Another consideration: cruise lines are mindful of how many voyages would be shelved as a result of scrapping the entire season. Besides putting a strain on potential cash flow, a mass cancellation of the entire season would likely overwhelm call centers and travel agent partners, all of whom are working with minimal staffing at this time.
On February 12, Holland America Line began sending booked passengers notices that final payment terms for some 2021 Alaskan sailings were being reduced from 90 to 60 deays prior to departure.
Should you pro-actively cancel your cruise to Alaska this year? Unless final payment is due, it's better to hold onto your reservation at this time. Cruise lines will likely sweeten the pot with a Future Cruise Credit (FCC bonus that will allow all monies paid, plus the bonus FCC, to be put towards a future cruise.

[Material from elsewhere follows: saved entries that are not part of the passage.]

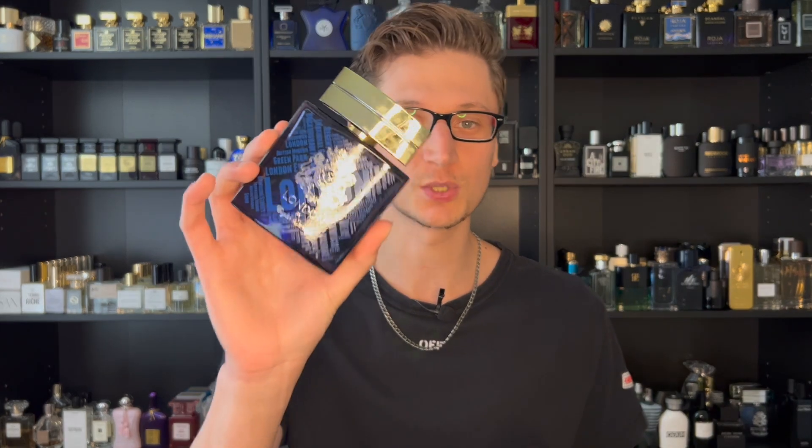If you're looking for a cheap alternative to Creed Aventus, English Laundry's London might be a no-brainer for you.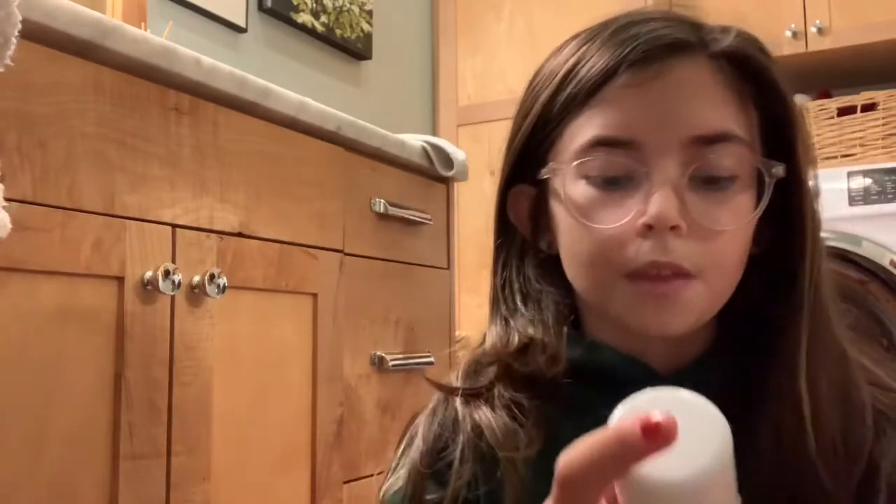Hi dancers, today I'm going to be doing a review on the Block Rosin Spray. It comes in a bottle like this and I think it retails for about $20 or $25. It's really good if you're not allowed to use regular rosin on your dance floors because it doesn't ruin the floor or your shoes. You can't even tell it's on the tip once it's dry.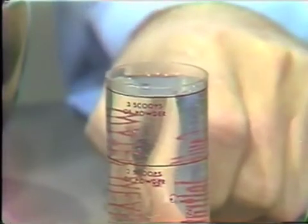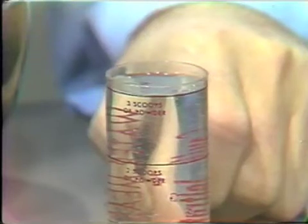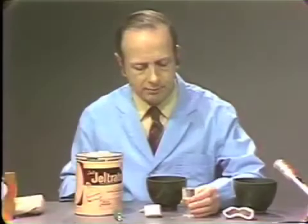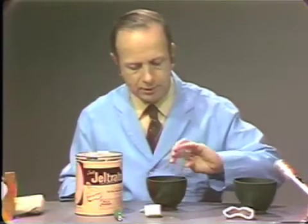The water temperature should be checked because high temperatures will accelerate the setting reaction. The temperature of the water should be about 70 degrees Fahrenheit. We take the three measures of water, the three levels, and pour this into a rubber mixing bowl.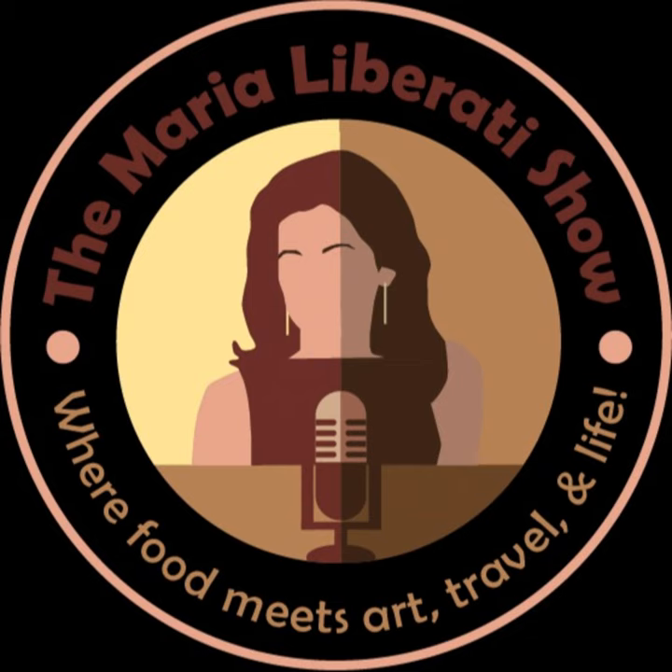I want to remind you that this month's giveaway is a copy of my book The Basic Art of Pizza, and also a special Father's Day giveaway — Lou Malnati's Deep Dish Pizza of Chicago. That's the Chicago-style pizza, and Lou Malnati's is famous all around the world. We're doing a giveaway for a Lou Malnati's Deep Dish Chicago pizza. It is absolutely delicious.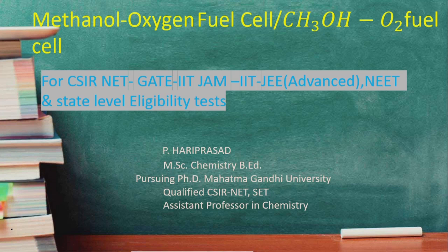Hello students. In this lecture we will discuss the construction and working of a methanol-oxygen fuel cell. This is a very important topic. The methanol-oxygen fuel cell is eco-friendly, and the output voltage is greater than that of the hydrogen-oxygen fuel cell — that is the key advantage of using a methanol-oxygen fuel cell.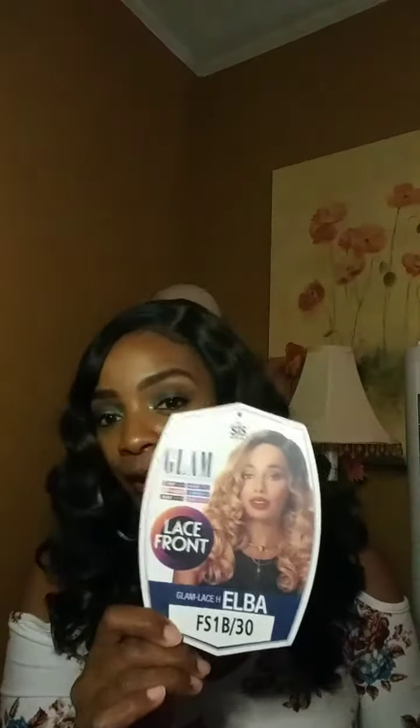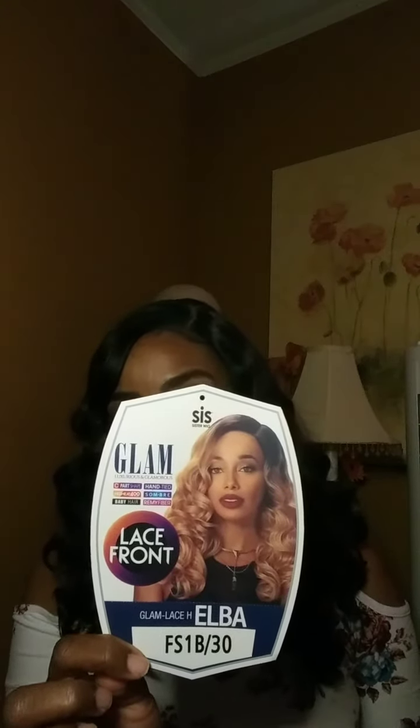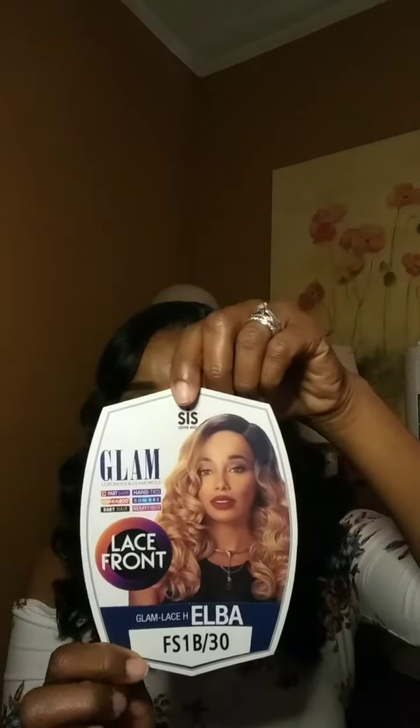Hello ladies, I am back with another throwback wig, and today it is Miss Elba. She's made by Zuri Sis, she's part of that lace front Hollywood collection, and she is in the color FS1B30 — that's the one I'm wearing today on my head. She is a lace front wig with a left side part. I'm going to show you really quick the parting space on this wig, which is a stationary left side part, and here are her baby hairs. This wig lays really, really flat.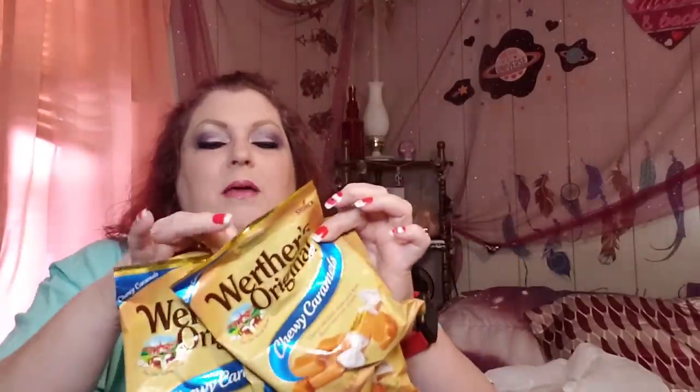My husband ran out of his Werther's before I got a chance to buy some more, so I told him if I find them I'll load up. I did grab him four bags of the chewy caramels — he absolutely loves those. He'll be glad to see them.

For those who just want a refund, it's also better to wait until an official cancellation has been announced. Many cruise lines have automated systems now to deal with such refunds that can be accessed online. Keep in mind that most, if not all, cruise lines are dealing with an enormous backlog of refunds to process. While the money will be refunded should you request it, it will be far from instantaneous. Be prepared to wait at least two to six months to get that deposit back.
While some cruise lines have pulled their 2021 Alaska voyages (and Canada and New England sailings) from active inventory on their websites, none have officially canceled their sailings yet.
With two months to go before the traditional start of the Alaska cruise season and Transport Canada's ruling less than a week old, there is more work remaining to be done before cruise lines can make a firm decision on what to do with their 2021 voyages.
Those set on visiting Alaska can look into options on smaller U.S.-flagged lines.